The Securities and Exchange Commission extended the date by which registered investment advisers must comply with the ban on third-party solicitation in Rule 206(4)-5 under the Investment Advisers Act. The SEC is extending the compliance date in order to ensure an orderly transition. Since solicitors will need to registered as an investment adviser or a broker/dealer or a municipal advisor.
Part of the rule was reliant on FINRA coming up with a rule to meet the requirements under the definition of “registered person” in 206(4)-5(f)(9)(ii)(B) for broker-dealers. FINRA has not done that yet. (Isn’t FINRA supposed to be more effective than the SEC?)
It’s not just FINRA, the the Municipal Securities Rulemaking Board has not finished its rules for municipal advisers under 206(4)-5(f)(9)(iii).
My IACCP symposium also raised the limitations in Rule 206(4)-3. That rule prohibits the use of solicitors in fundraising unless certain requirements are met. The rule specifically refers to “clients” with no further elaboration.

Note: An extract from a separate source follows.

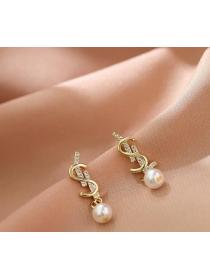 Outlet light luxury classic pearl earrings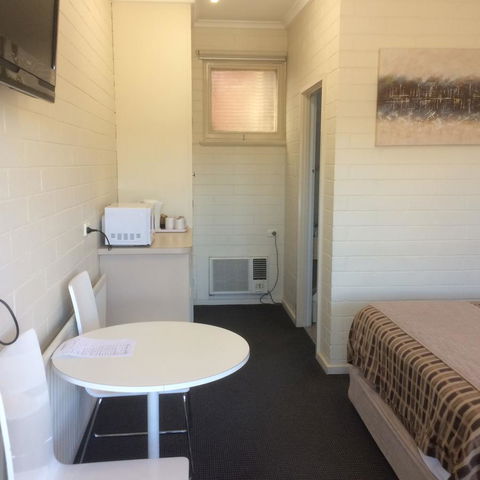 Ambassador Motor Inn - Airlie Beach Holiday 21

For a private fund, that raises the distinction between the fund as a client and the fund investors as limited partners in the fund.
Fortunately, there is an interpretative letter ruling on the topic
We believe that Rule 206(4)-3 generally does not apply to a registered investment adviser’s cash payment to a person solely to compensate that person for soliciting investors or prospective investors for, or referring investors or prospective investors to, an investment pool managed by the adviser.